Johannes faszinierte mich wirklich, weil ich seit langem Mal wieder jemanden entdeckt habe, der total offen über seine Gefühle sprach. Er war sehr empfindsam. Johannes trank keinen Alkohol und rauchte auch keine Zigaretten. Er entsagte sich dem Ganzen, weil er diese Dinge in seiner Vergangenheit einfach zu exzessiv konsumierte. Für ihn war es aber auch kein Problem, das ich beides mit Genuss verzehrte. Wenn ich über Johannes spreche, spreche ich über einen Mann, der in seinem Leben schon viel durchgemacht hat. Ein starker Mann mit einem sehr weichen Kern. Jemand, dem man im Auge behalten sollte. Ich bewundere seine Art, diesen Dingen, wie Alkohol oder anderen Substanzen, die kalte Schulter zu zeigen. Für ihn keine Option meinte er, sonst wäre er heute nicht mehr hier. Dennoch fand ich es enorm stark, der Enthaltsamkeit treu zu bleiben. Er fand seine Erfüllung durch Glauben.
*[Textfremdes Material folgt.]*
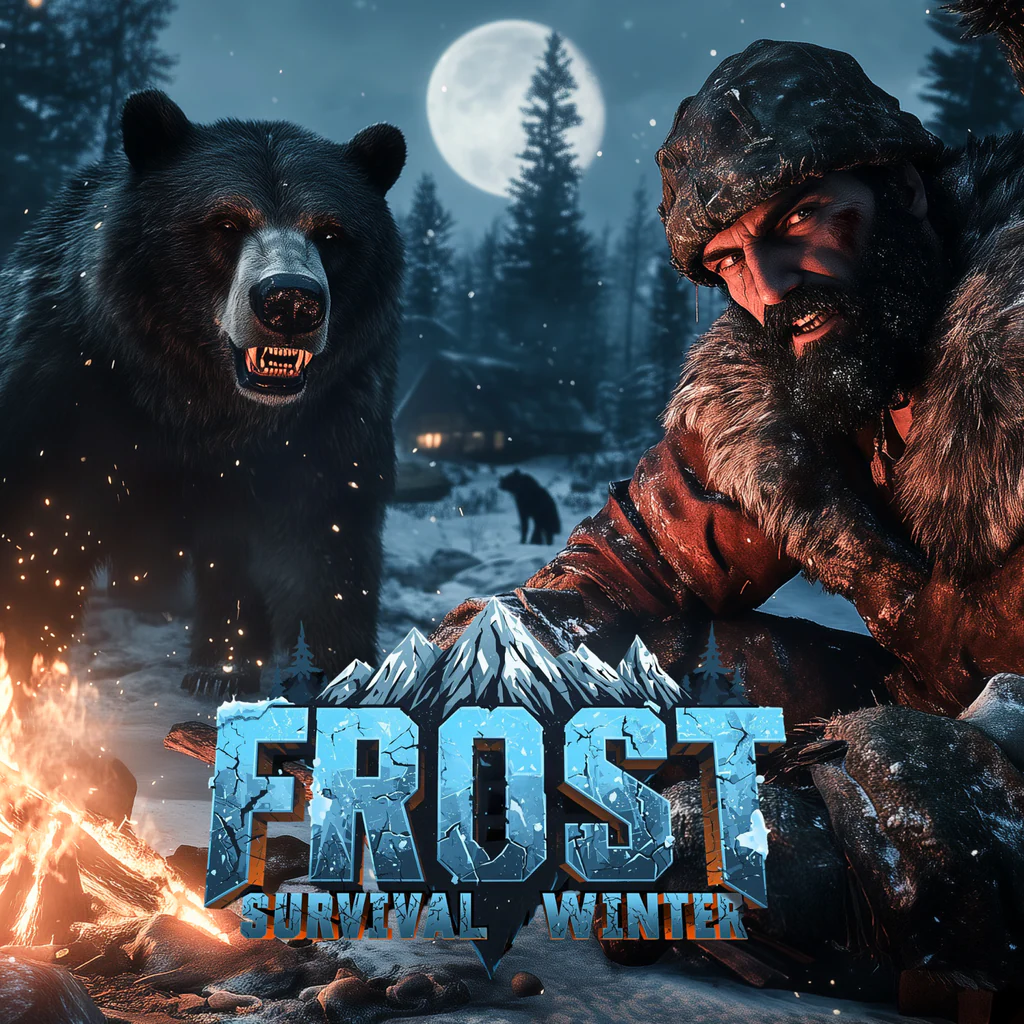 Frost Survival – Winter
Gar nicht so einfach in einer Stadt wie Berlin, in denen einem »verdrogte Leute« ständig über den Weg laufen. Ich persönlich bin ja kein Freund von chemischen Drogen und kann mit Personen in diesem Zustand nur schwer umgehen, aber so lebt jeder in seinem eigenen Universum.
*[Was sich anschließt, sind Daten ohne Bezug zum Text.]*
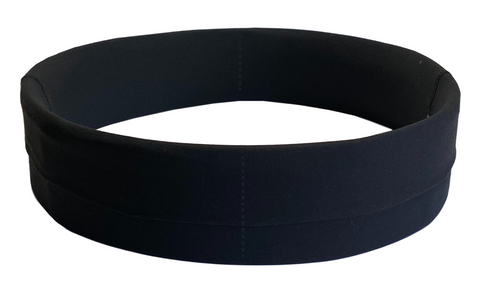 BANDI Belt Wrap Black (2025)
Nachdem wir im »Fuchsbau« viel über das Leben, seinen Verlust von Liebe und den Menschen im Allgemeinen philosophiert hatten, beschlossen wir doch noch zu ihm zu gehen. Ich weiß noch, dass ich dachte: Eigentlich ist alles perfekt so, wie es ist, dennoch gingen wir weiter. Ich wusste nur zu gut, wie es sich anfühlt, wenn man mit dem Gedanken bei jemand ganz anderes ist. Die Person, die dann vor einem steht, wäre nur ein schwacher Ersatz. Ich wollte das nicht sein, aber ich dachte, vielleicht hilft es ihm auch, um weiter voranzukommen.

Johannes sagte zu mir: »Die Morgen sind am schlimmsten!« Wenn er aufwacht mit der Erkenntnis, allein zu sein. Ich fand das interessant, weil ich mich immer vor dem Schlafengehen allein fühlte. Wenn es dunkel wurde und man alles noch mal reflektierte, das waren die schlimmsten Augenblicke für mich, in einer Phase des »Unglücklich Verliebtsein«.

In dieser Geschichte geht es nicht um Sex, auch wenn wir miteinander schliefen, aber das irgendwie überhaupt nix zur Sache tut. Diese Geschichte handelt von wahren Emotionen, den unausgesprochenen Gefühlen, die uns alle so unnahbar machen. Den traurigen Wahrheiten von Frauen und Männern, die nicht mehr unbeschwert Neu sein können.

Ich merke manchmal selbst, dass ich durch meine Offenheit an Grenzen stoße und damit nicht bei jedem gut ankomme. Die Begegnung mit Johannes hat mir das Gegenteil bewiesen. Ich fühlte mich bestätigt, denn die Menschen, auf die es ankommt, die werden genau das immer anerkennen. Dankbarkeit überkam mich nach diesem einen Abend, der mich Johannes „zufälligerweise“ näher brachte.